Le courage de la participation citoyenne
En terme général, l’Amérique centrale a dû beaucoup lutter pour ce qui s’appelle la participation citoyenne. Dans presque toute la région, il y a eu des guerres, des génocides, l’extermination de peuples originaires et de peuples d’ascendance africaine… Donc le concept de participation citoyenne est quelque chose de très récent dans l’histoire de l’Amérique centrale. Or je pense que ce concept de participation citoyenne est la pratique la plus importante pour l’avenir de toutes les femmes de la région. Car au sein des groupes vulnérables, violés dans leurs droits humains, les plus violentées ont été les femmes. Ce qui signifie que les personnes qui ont le moins exercé la participation citoyenne ont été les femmes.
Parler a toujours été risqué dans l’histoire de l’Amérique centrale. Se manifester en public n’a jamais été facile. Il a fallu faire face à de graves conséquences comme Monseigneur Romero (2). Dénoncer la vérité, dénoncer les violations, dénoncer les abus de pouvoir, a coûté la mort à de nombreuses personnes dans la région. Donc il y a une peur de participer en tant que citoyen, et c’est resté dans notre ADN. Il faut bien réaliser ce que signifie, pour une femme d’une communauté, se mettre debout devant une assemblée et parler. Le courage des femmes dans tous les domaines, de la famille jusqu’au national, de pouvoir parler en public, faire valoir leurs besoins et proposer les solutions qu’elles veulent, qu’elles pensent, est la chose la plus importante de l’histoire de la vie des femmes.
Un travail d’accompagnement de long terme
Une femme debout là, parlant de manière super détendue, ça semble facile.
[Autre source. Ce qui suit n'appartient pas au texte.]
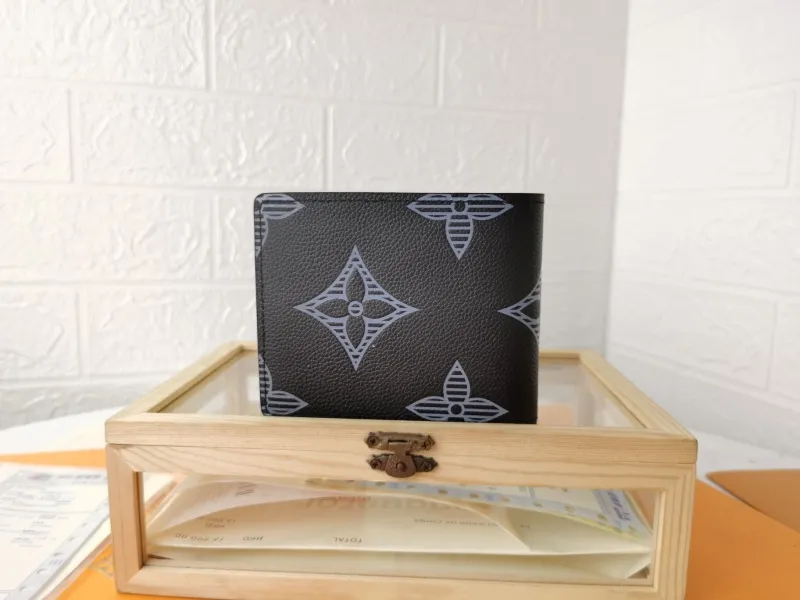 Alternative view of LV Wallets-1393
Mais ça n’a pas été facile. Parfois, le travail de Fundasal commence par l’alphabétisation car ce sont des femmes qui ne sont pas allées à l’école. Elles ont donc commencé, en étant déjà adultes, à apprendre à lire et à écrire. Nos projets peuvent durer 10 ans, en termes constructifs, sociaux et économiques. Cela signifie qu’en 10 ans, les femmes ont appris à lire et à écrire, à savoir identifier les violations de droits humains, à savoir proposer des solutions en accord avec leurs réflexions, avec leurs besoins et à mettre en œuvre les solutions, prendre en main les outils nécessaires pour la transformation de leurs conditions de vie. Ceci est le plus grand pas que la population peut réaliser en terme de développement.
(Traduction : Mayra Agudelo)
(1) Fundasal, partenaire d’Habitat-Cité, est une prestigieuse fondation salvadorienne qui lutte depuis 1968 pour le droit au logement.
(2) Monseigneur Romero : archevêque de San Salvador, il a été assassiné en pleine messe le 24 mars 1980 pour avoir été le défenseur des droits de l’homme et particulièrement des paysans de son diocèse.